Monday, Oct. 03, 1938
Birth of An Englishman
THE DOOR OF LIFE--Enid Bagnold-- Morrow ($2.50).
In "National Velvet" Enid Bagnold won a big U. S. audience with a slight story about an English girl and a race horse.
In The Door of Life she has taken on a bigger theme, which she describes as "the relationship of a mother and young children and unborn children and just-born children," adding her belief that her novel is "the first attempt to portray the very first moments of this relationship in de-tail." Whether or not it is the first attempt, Enid Bagnold's admirers are likely to hope that it will be her last, since The Door of Life gives such a rosy view of the joys of motherhood, contains so many lush emotional passages and so many unreal philosophical conversations about woman's responsibilities, that it might have been written in an effort to check Britain's declining birth rate. Mother of three sons and a daughter, Enid Bagnold in private life is Lady Roderick Jones, wife of the chairman of Reuters, leading British news agency.
The central character of The Door of Life is a middle-aged woman of the upper middle class, who is referred to throughout as "the squire." This in itself is likely to be a little confusing to U. S. readers, who usually think of English squires as ruddy, irascible old gents, more or less akin to Kentucky Colonels. So when they read about the squire picking up her sewing, putting on her evening dress and performing other distinctly feminine duties, their surprise tends to make them miss the point of Miss Bagnold's story.
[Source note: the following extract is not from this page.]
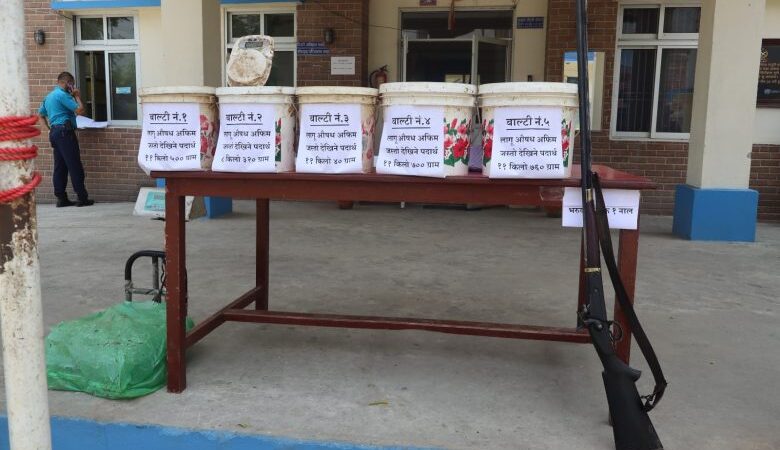 ५१ किलो अफिमसहित १ जना पक्राउ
The squire, it turns out, is so called because in the absence of her husband she runs the household. Waiting for the birth of her fifth child, she watches over her three sons and her gentle, intuitive daughter, takes no nonsense from anybody: "Nonsense and a trouble," she thinks, "but it had to go on. No other way of living if you wanted to walk to your grave cloaked in the English life."
Aside from a few bright glimpses of the children and constant troubles with the help, these reflections make up most of The Door of Life. Although the. squire bears a healthy son without too much trouble, there is such confusion downstairs --the cook leaves because she cannot stand childbirth, another turns out to be immoral, the butler hates women, his substitute is a drunk and a maid is discharged for theft--that readers are likely to forget that Author Bagnold is picturing the fortitude of English mothers, not the corruption of English domestics.